▶ TASK INSTRUCTIONS:
Once you find the line with "Fun 4th Of July" in the data that follows, repeat it and every line after it exactly, through the line with "FENDI BAGUETTE LARGE Brown fabric bag".

┌──

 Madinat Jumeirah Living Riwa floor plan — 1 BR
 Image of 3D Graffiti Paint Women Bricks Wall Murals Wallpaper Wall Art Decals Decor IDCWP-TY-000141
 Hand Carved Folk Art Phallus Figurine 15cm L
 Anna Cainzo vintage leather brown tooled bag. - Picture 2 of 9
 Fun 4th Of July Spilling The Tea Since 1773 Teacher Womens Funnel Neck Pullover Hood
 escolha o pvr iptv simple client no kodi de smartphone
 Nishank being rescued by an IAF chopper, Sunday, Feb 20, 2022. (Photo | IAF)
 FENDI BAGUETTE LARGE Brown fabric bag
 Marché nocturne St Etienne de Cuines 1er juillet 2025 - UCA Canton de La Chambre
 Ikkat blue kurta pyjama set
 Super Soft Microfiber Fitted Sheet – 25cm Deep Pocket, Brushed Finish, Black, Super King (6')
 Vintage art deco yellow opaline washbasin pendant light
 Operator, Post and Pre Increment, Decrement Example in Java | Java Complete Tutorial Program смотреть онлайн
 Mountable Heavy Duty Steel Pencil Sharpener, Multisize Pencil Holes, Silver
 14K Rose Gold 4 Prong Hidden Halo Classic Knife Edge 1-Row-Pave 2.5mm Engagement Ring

└──
┌──

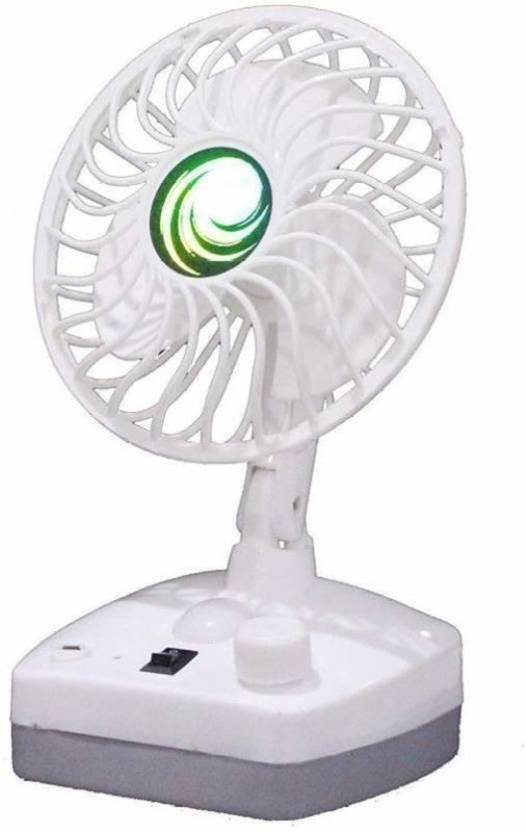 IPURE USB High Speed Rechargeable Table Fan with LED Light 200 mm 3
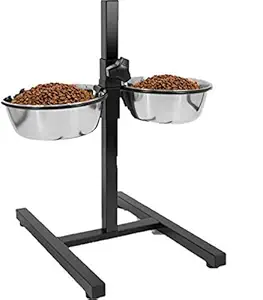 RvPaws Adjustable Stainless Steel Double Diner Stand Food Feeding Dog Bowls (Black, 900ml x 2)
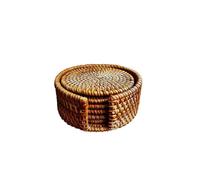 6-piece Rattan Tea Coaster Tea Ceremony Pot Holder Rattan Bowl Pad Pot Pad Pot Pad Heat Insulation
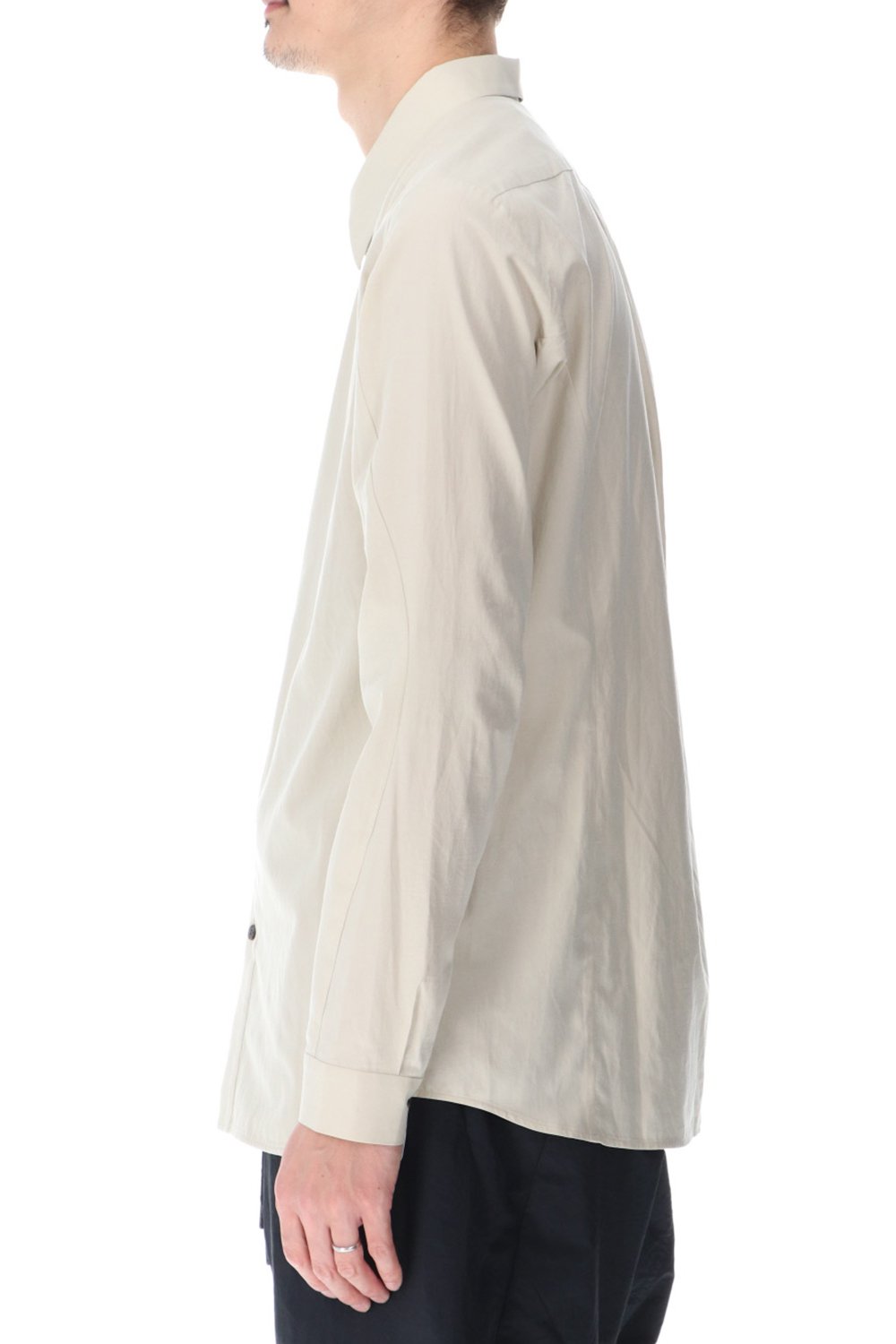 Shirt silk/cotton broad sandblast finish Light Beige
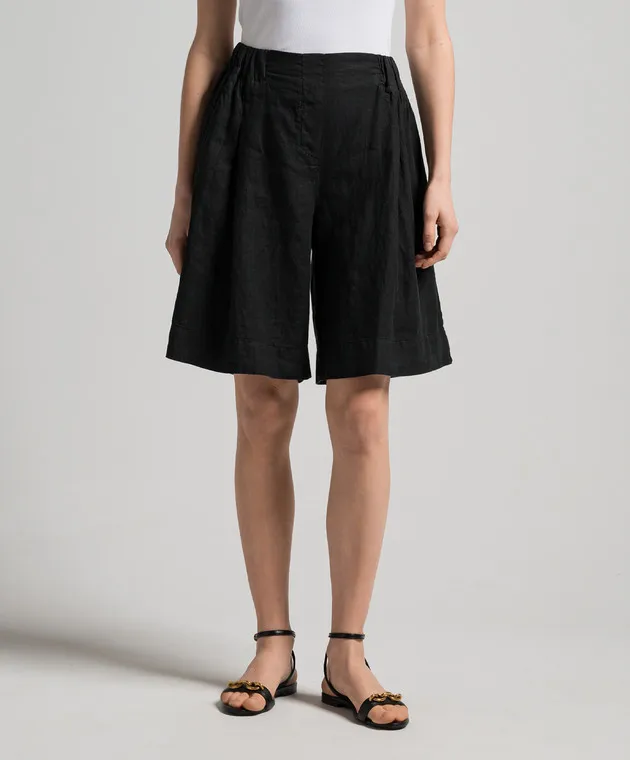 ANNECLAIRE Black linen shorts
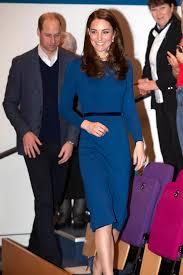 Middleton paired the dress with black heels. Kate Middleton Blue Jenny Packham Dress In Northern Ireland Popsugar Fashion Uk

└──

▶ SOLUTION FOR THIS TASK:
 Fun 4th Of July Spilling The Tea Since 1773 Teacher Womens Funnel Neck Pullover Hood
 escolha o pvr iptv simple client no kodi de smartphone
 Nishank being rescued by an IAF chopper, Sunday, Feb 20, 2022. (Photo | IAF)
 FENDI BAGUETTE LARGE Brown fabric bag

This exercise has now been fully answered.